* Goal of the exercise
With pictures omitted, copy exactly the lines from the one containing "New 2026 Ford" through the end of the records below.

* Data records
*** Begin section ***
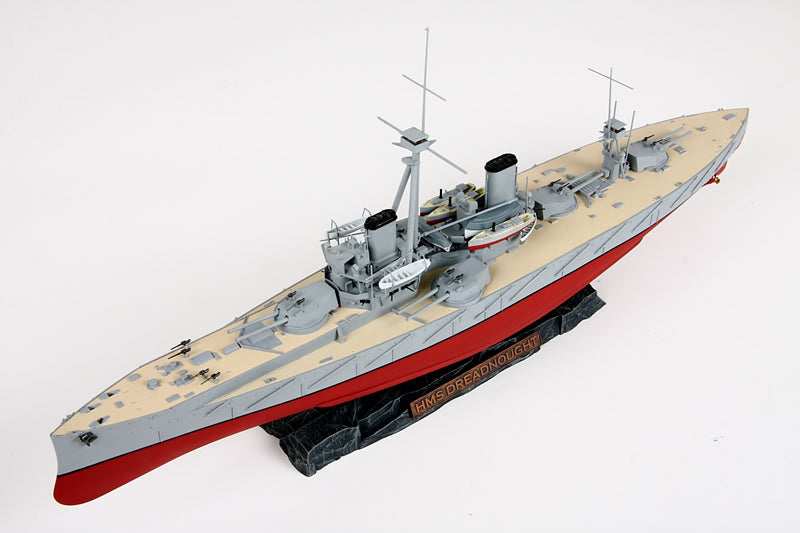 Battleship "Dreadnought"  Zvezda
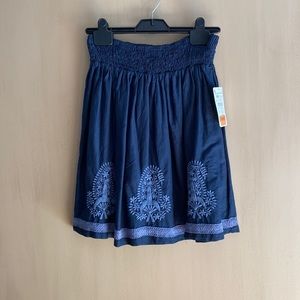 Zara basic women’s skirt, Size XS, brand new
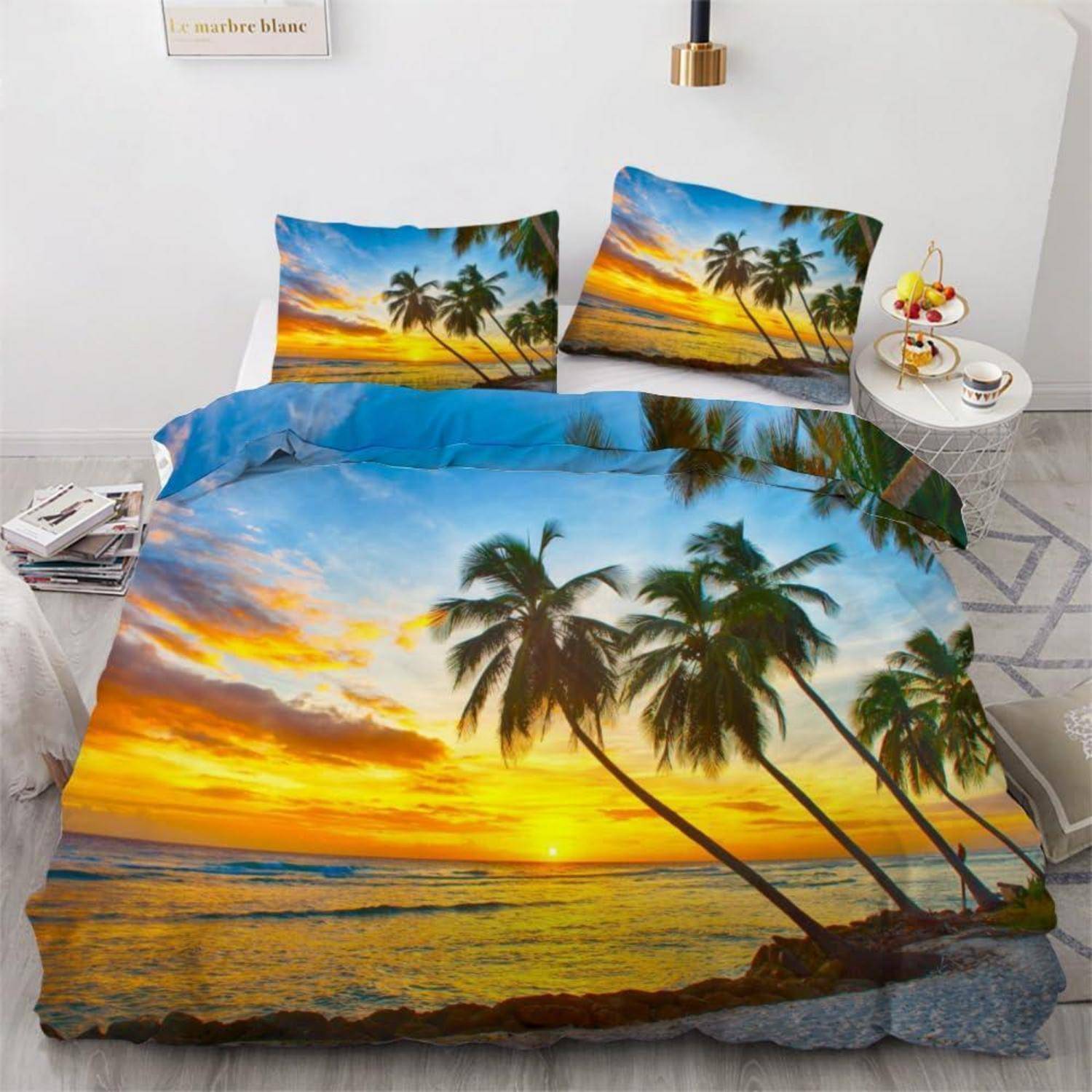 Bett mit tropischem Sonnenuntergang Palmenmotiv-Bettwäsche, inklusive passendem Bettdeckenbezug und Kissen in einem hellen Schlafzimmer.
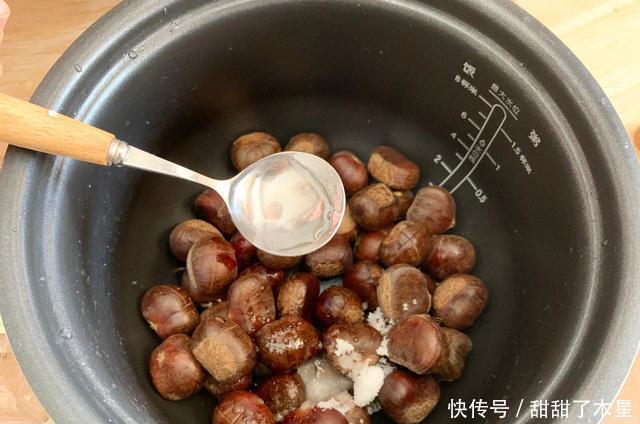 香甜|我家糖炒栗子从不买,有电饭锅就能做,1秒剥皮,香甜软糯超好吃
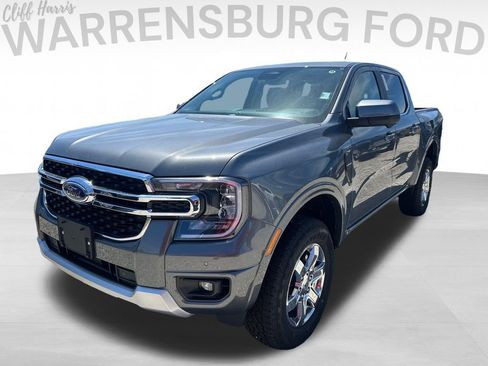 New 2026 Ford Ranger Lariat w/ FX4 Off-Road Package AWD/4WD image 3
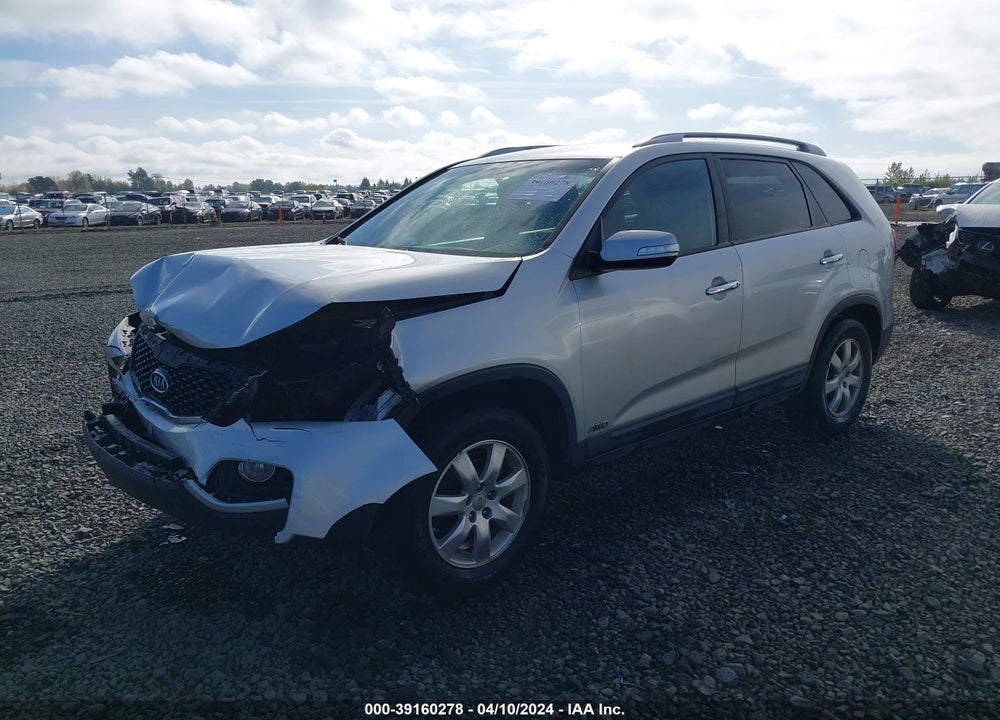 2013 KIA SORENTO LX VIN: 5XYKTCA65DG398472
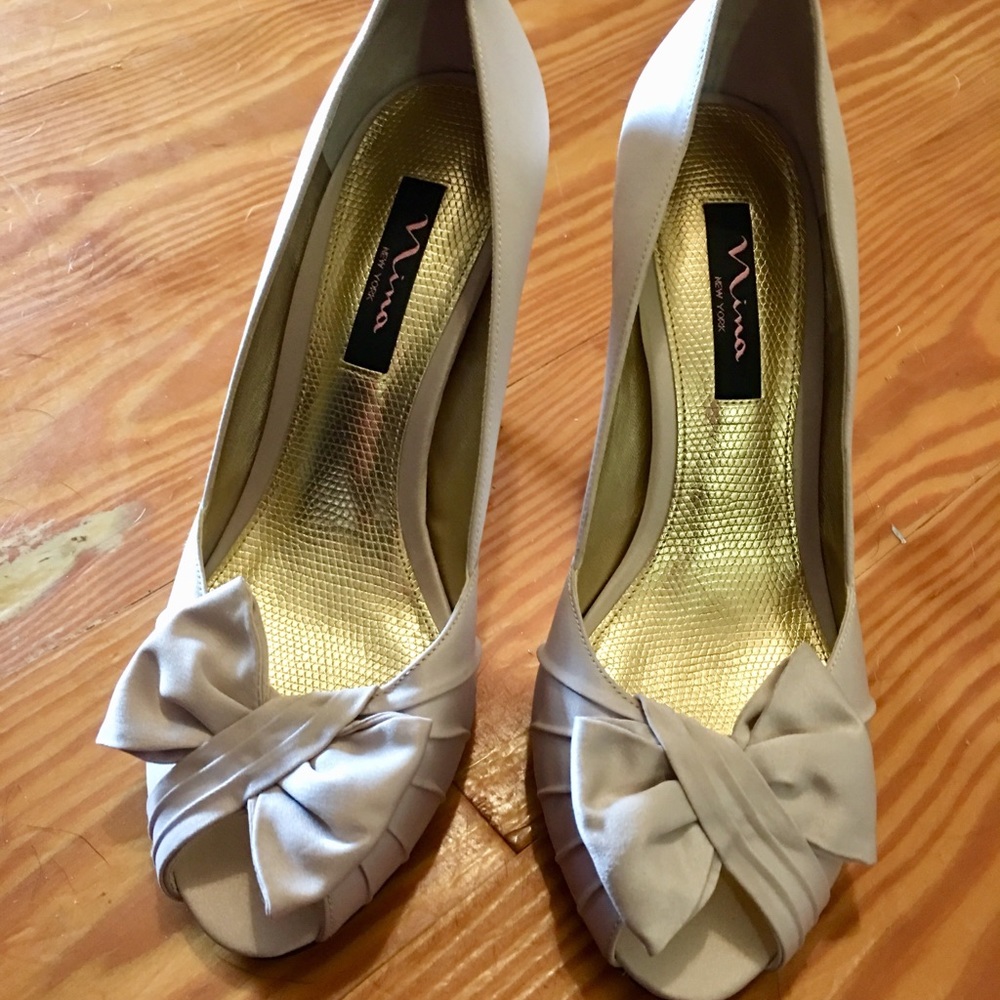Nina sand colored dress shoes size 9
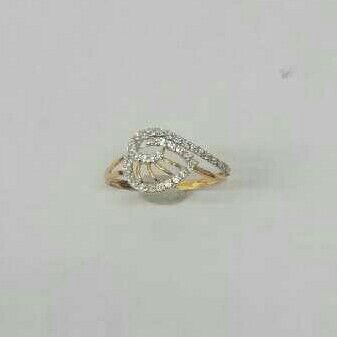 22KT Yellow Gold CZ Ladies Special Ring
*** End section ***
* Response
 New 2026 Ford Ranger Lariat w/ FX4 Off-Road Package AWD/4WD image 3
 2013 KIA SORENTO LX VIN: 5XYKTCA65DG398472
Nina sand colored dress shoes size 9
 22KT Yellow Gold CZ Ladies Special Ring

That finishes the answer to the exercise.